Given information:

BEGIN

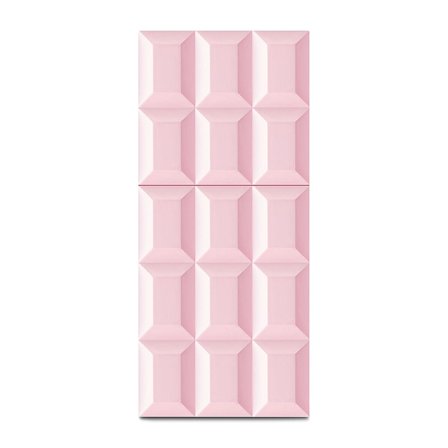 Sabrina Carpenter Sweet Tooth Eau de Parfum 75 ml, Parfumer & Dufte, Til Hende, Eau De Parfum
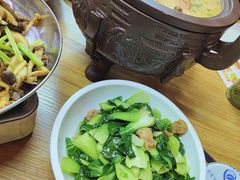 -吴掌柜·藕汤印象(南湖店)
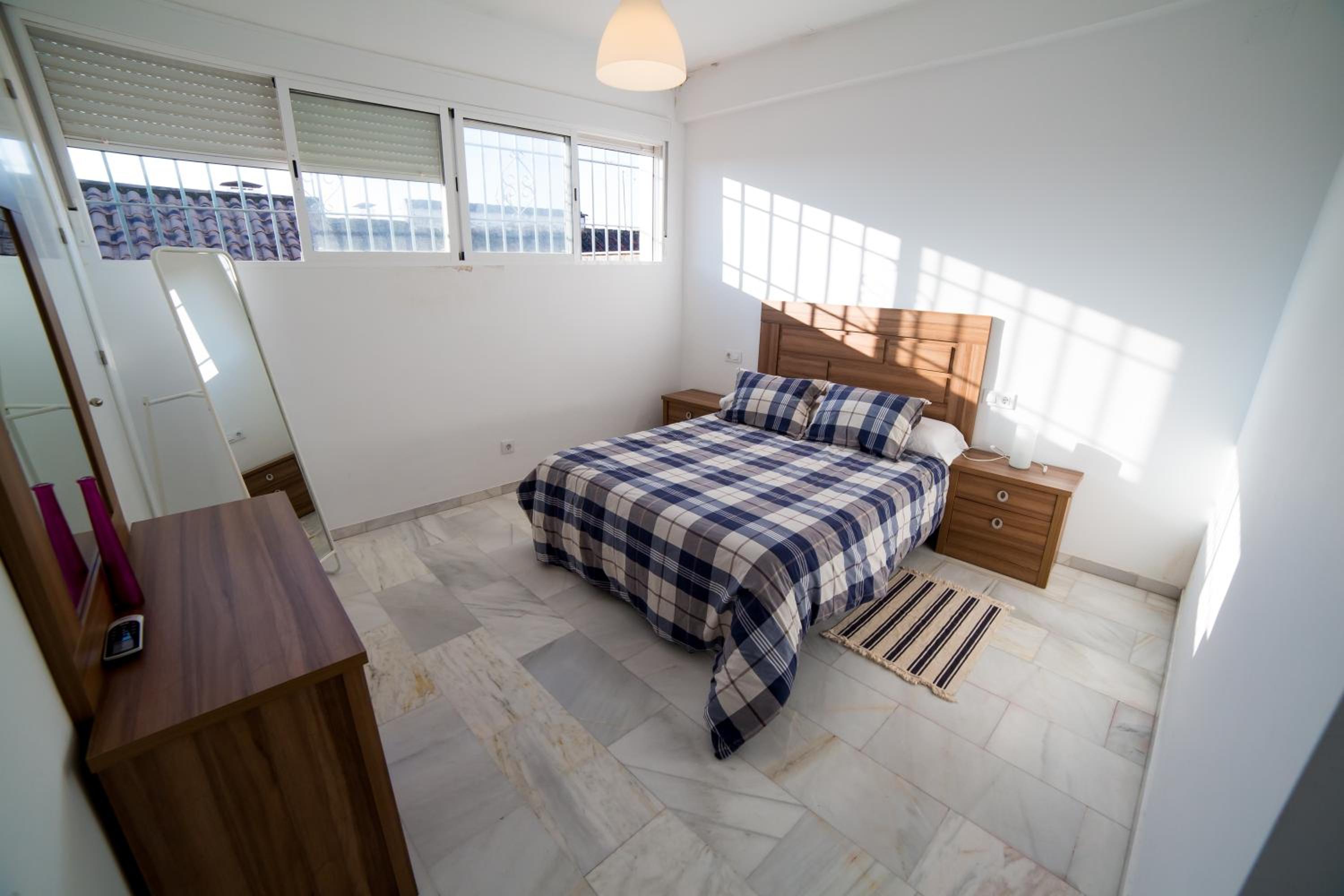 Vacation Home - Photo 13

END

Exercise: I would like the material repeated in full and exactly, with its images omitted.

Reply to the exercise:
 Sabrina Carpenter Sweet Tooth Eau de Parfum 75 ml, Parfumer & Dufte, Til Hende, Eau De Parfum
 -吴掌柜·藕汤印象(南湖店)
 Vacation Home - Photo 13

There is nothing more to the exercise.